Print the lines in the listing below that fall between the line with "Ambrogio Bespoke Men's" and the line with "Suzuki Marine DF6A 9100011~ - CYLINDER BLOCK", those two lines included, exactly as they stand and with nothing else.

★ ★ ★ ★ ★ ★ ★

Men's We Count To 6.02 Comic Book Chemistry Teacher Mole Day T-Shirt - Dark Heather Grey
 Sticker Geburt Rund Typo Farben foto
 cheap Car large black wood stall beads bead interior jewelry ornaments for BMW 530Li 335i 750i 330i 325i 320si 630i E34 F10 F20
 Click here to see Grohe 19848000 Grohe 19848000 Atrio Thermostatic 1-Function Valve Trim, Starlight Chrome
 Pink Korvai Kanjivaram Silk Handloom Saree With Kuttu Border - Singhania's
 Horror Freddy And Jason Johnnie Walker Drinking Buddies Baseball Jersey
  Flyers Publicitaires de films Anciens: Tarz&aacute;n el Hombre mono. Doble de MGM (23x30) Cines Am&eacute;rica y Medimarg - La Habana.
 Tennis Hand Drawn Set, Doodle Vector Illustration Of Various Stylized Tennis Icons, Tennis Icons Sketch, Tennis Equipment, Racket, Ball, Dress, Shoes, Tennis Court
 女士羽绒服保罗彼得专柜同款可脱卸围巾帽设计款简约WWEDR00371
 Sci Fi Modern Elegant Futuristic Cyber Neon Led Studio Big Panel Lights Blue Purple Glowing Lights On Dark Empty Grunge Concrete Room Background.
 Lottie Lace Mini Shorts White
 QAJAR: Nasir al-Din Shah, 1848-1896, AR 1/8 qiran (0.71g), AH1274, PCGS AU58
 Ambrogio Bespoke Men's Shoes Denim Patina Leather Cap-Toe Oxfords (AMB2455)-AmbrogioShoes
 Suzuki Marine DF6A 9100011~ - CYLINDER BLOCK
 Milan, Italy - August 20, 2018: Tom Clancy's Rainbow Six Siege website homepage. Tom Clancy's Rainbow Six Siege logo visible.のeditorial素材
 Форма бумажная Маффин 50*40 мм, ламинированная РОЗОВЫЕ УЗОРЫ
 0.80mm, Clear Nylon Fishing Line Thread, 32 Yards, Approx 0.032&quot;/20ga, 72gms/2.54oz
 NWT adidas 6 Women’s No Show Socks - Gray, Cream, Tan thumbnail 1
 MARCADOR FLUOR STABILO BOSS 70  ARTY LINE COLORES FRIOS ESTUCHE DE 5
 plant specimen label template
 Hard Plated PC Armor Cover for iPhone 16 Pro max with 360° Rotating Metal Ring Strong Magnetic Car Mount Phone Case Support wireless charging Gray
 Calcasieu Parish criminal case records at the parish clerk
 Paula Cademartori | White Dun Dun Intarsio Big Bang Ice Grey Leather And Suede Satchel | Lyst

★ ★ ★ ★ ★ ★ ★

Response area =>
 Ambrogio Bespoke Men's Shoes Denim Patina Leather Cap-Toe Oxfords (AMB2455)-AmbrogioShoes
 Suzuki Marine DF6A 9100011~ - CYLINDER BLOCK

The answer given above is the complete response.